The primary role of the panel is to serve as something like a “post office”: To bring messages from the IGF, which are emerging in an open, inclusive bottom process, to relevant decision-makers, and, vice versa, to bring the problems of the negotiators back into the DCs, BPFs and PNs of the IGF, to broaden the perspectives of all involved and engaged stakeholders.
So far, so good. And indeed, there are a lot of opportunities for the ILP. If the former president of Estonia, Tomas Hendrik Ilves, is addressing the diplomats in the OEWG negotiations in New York, his voice is probably more recognized as the presentation of an excellent report from the BPF Cybersecurity by an academic person. If Maria Ressa, the Nobel Peace Price winner, is telling the members of the Human Rights Council in Geneva, what the IGF had produced to enhance the protection of the right to freedom of expression, this could make a difference. Or when the new chair of the International Chamber of Commerce (ICC), the Mexican woman Maria Fernanda Garza, tells the WTO eCommerce expert group, what the multistakeholder IGF discussion has developed on building frameworks for digital trade, this could open the eyes of trade negotiators, who live in their own world, very different from the world of the global Internet community. All this could make the IGF politically more relevant.
But there are also risks. Fortunately, the panel’s role is not to develop policies but to enhance communication among the various silos in a very distributed global Internet Governance Ecosystem. But will the panel of 15 distinguished personalities accept the role of a “postmaster” and find a common language? How will the panel link itself to the broader IGF community? What happens if frictions appear between the MAG and the ILP? The MAG Chair is an ex-officio part of the panel, but does he have a “veto right”? To whom is the panel accountable if it picks IGF outcomes and brings them to UN negotiation bodies? Who does what?
The IGF now has 15 captains, but do they have an effective crew that will work in the engine room? Will the captains be satisfied that their primary role is not “to lead” but “to serve”? And how the IGF secretariat in Geneva, UNDESA in New York and the new office of the Tech Envoy will work hand in hand? What happens if they move in different directions? Will they deliver what the global community is expecting: avoiding a cold cyberwar and promoting peaceful coexistence in cyberspace, bridging the digital divide, creative innovations and an open, free, global, interoperable, trustworthy and secure Internet, based on the values of the UN Charter and the UN Declaration of Human Rights?

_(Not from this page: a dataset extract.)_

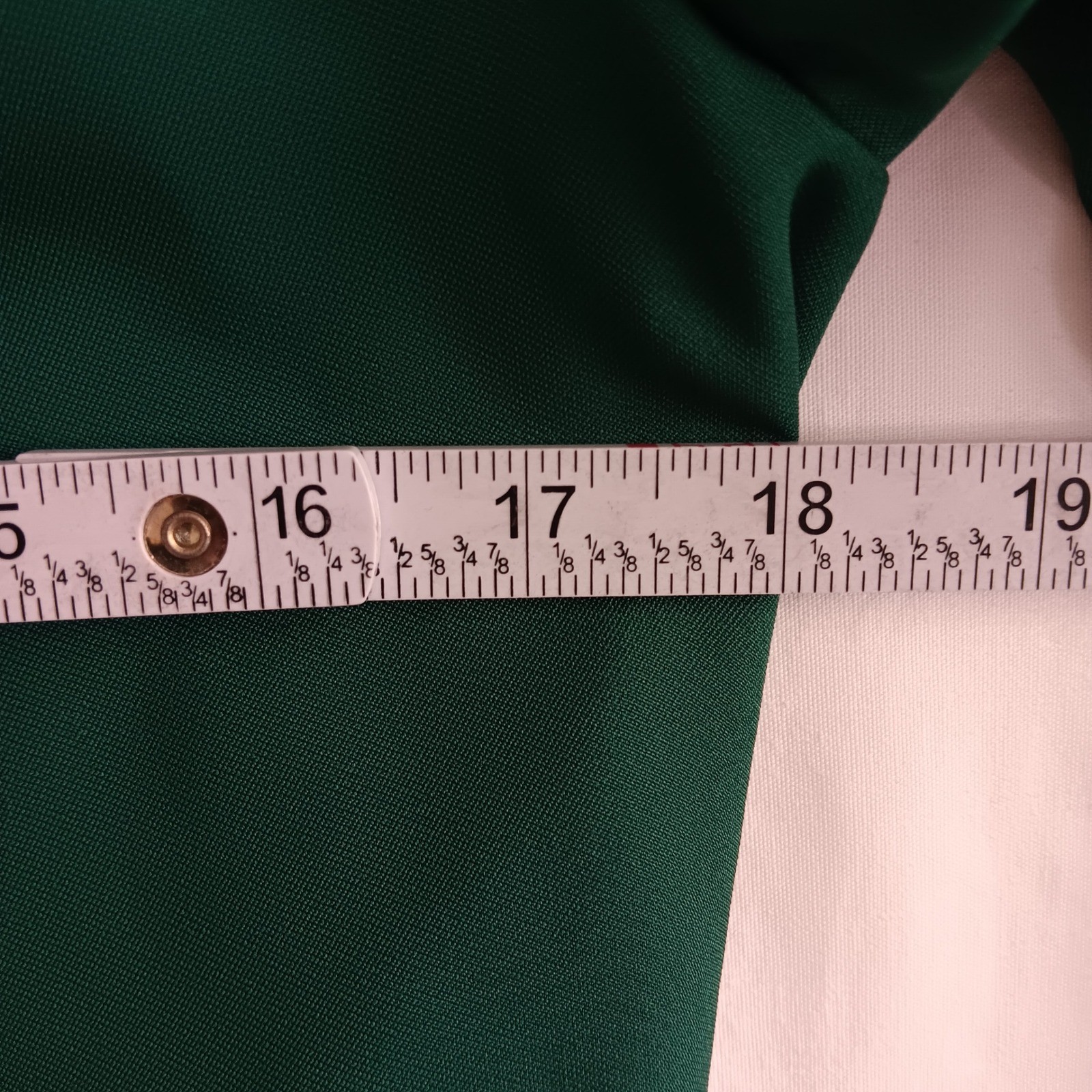 Careerlook Blouse Women Medium Green Excellent Vintage Tie Neck Button Up Top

The first stress test for the UN Tech Envoy and the IGF Leadership Panel is already ahead of us: As part of his “Common Agenda,” UN Secretary-General has proposed that the forthcoming “UN-Summit on the Future” should adopt a “Global Digital Compact” (GDC) in September 2023. And in 2025, the review of the WSIS outcomes is on the UN agenda. WSIS+20 will be another milestone on the road towards 2030 and the implementation of the UN Sustainable Development Goals (SDGs). And WSIS+20 has also to reconsider the mandate of the IGF. A lot of things to do.